Lunedì sera, mentre il fumo si alzava dagli impianti petroliferi di Fujairah, qualcuno avrà certamente controllato i futures sul greggio prima ancora di contare i feriti — tre operai indiani, corpi lontanissimi da qualsiasi mappa del potere. È questa la grammatica delle guerre per procura: il danno collaterale ha sempre il passaporto di chi non ha voce in capitolo.

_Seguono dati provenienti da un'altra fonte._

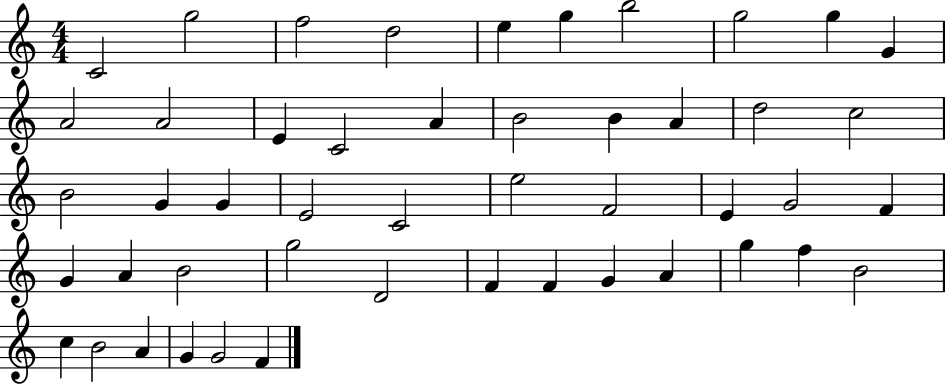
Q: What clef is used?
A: treble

L’Iran non voleva colpire gli Emirati, ci ha tenuto a precisare. Eppure li ha colpiti. Nel linguaggio della deterrenza, questa distinzione tra intenzione ed effetto è, a un tempo, cruciale e irrilevante: cruciale perché preserva uno spiraglio diplomatico, irrilevante perché il fuoco brucia lo stesso. Teheran gioca con la geometria dei messaggi, calibra la violenza come si calibra un termostato — abbastanza caldo da fare male, non abbastanza da incendiare tutto. È una forma di comunicazione brutale, ma è pur sempre comunicazione.

Washington, dal canto suo, ha risposto con il “Progetto Libertà” — un nome che sa di manifesto elettorale più che di strategia militare. Quindici mila uomini per scortare navi attraverso uno stretto: una forza enorme impiegata per dimostrare che il commercio può continuare, che il petrolio deve scorrere, che le elezioni di novembre non possono permettersi prezzi alla pompa fuori controllo. La geopolitica, quando si avvicina al voto, diventa una forma di economia domestica su scala globale.

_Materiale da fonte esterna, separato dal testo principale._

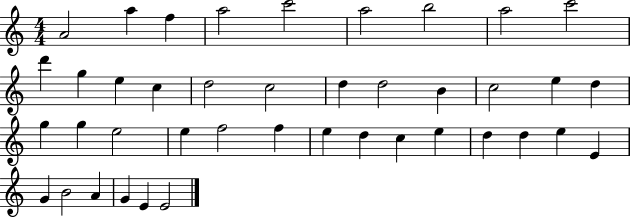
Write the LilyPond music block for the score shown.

{
  \clef treble
  \numericTimeSignature
  \time 4/4
  \key c \major
  a'2 a''4 f''4 | a''2 c'''2 | a''2 b''2 | a''2 c'''2 | \break d'''4 g''4 e''4 c''4 | d''2 c''2 | d''4 d''2 b'4 | c''2 e''4 d''4 | \break g''4 g''4 e''2 | e''4 f''2 f''4 | e''4 d''4 c''4 e''4 | d''4 d''4 e''4 e'4 | \break g'4 b'2 a'4 | g'4 e'4 e'2 | \bar "|."
}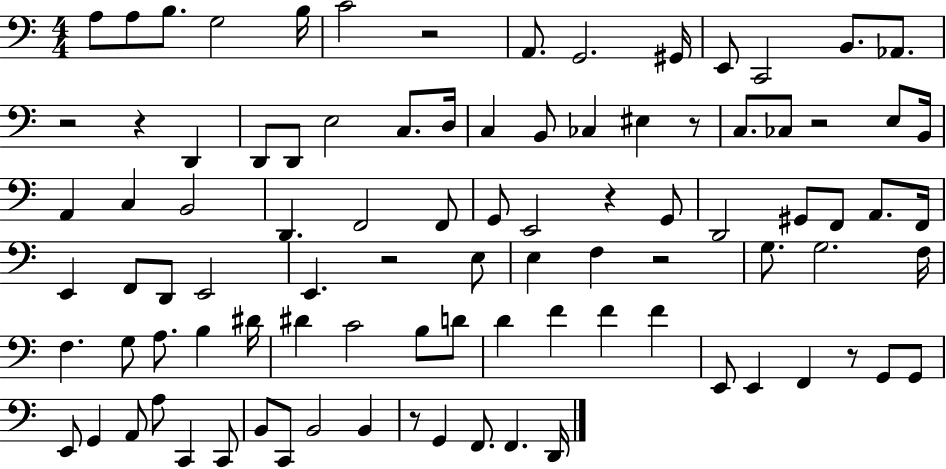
A3/e A3/e B3/e. G3/h B3/s C4/h R/h A2/e. G2/h. G#2/s E2/e C2/h B2/e. Ab2/e. R/h R/q D2/q D2/e D2/e E3/h C3/e. D3/s C3/q B2/e CES3/q EIS3/q R/e C3/e. CES3/e R/h E3/e B2/s A2/q C3/q B2/h D2/q. F2/h F2/e G2/e E2/h R/q G2/e D2/h G#2/e F2/e A2/e. F2/s E2/q F2/e D2/e E2/h E2/q. R/h E3/e E3/q F3/q R/h G3/e. G3/h. F3/s F3/q. G3/e A3/e. B3/q D#4/s D#4/q C4/h B3/e D4/e D4/q F4/q F4/q F4/q E2/e E2/q F2/q R/e G2/e G2/e E2/e G2/q A2/e A3/e C2/q C2/e B2/e C2/e B2/h B2/q R/e G2/q F2/e. F2/q. D2/s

Gli Emirati, nel mezzo, incarnano la contraddizione del Golfo contemporaneo: hanno firmato gli Accordi di Abraham, si sono avvicinati a Israele, hanno appena annunciato l’uscita dall’OPEC+, cercano Iron Dome sul loro territorio. Hanno scelto il campo israelo-americano con una decisione che oggi si misura in raffiche di droni e in edifici ADNOC sinistrati. L’autonomia geopolitica ha sempre un prezzo; la domanda è chi, alla fine, lo paga davvero.

Quel che colpisce, in questa crisi come in molte altre, è la velocità con cui ci siamo abituati al lessico della soglia: “la maggior parte dei proiettili sono stati abbattuti”, ha detto Trump con la nonchalance di chi commenta un risultato sportivo. Come se l’intercettazione del 90% dei missili fosse, dopotutto, un successo accettabile. Come se vivere sotto un cielo che spara fosse diventato ordinario.

La vera posta in gioco non è il terminal di Fujairah, né i 1,5 milioni di barili quotidiani che vi transitano. È la narrazione: chi riesce a far credere all’altro — e al mondo — di poter resistere più a lungo. In una guerra di logoramento, la percezione della resistenza vale quanto la resistenza stessa.

E intanto, in una città della enclave omanita di Musandam, qualcuno ha trovato i segni di un errore di targeting. Anche gli errori, in questa guerra, sembrano calibrati.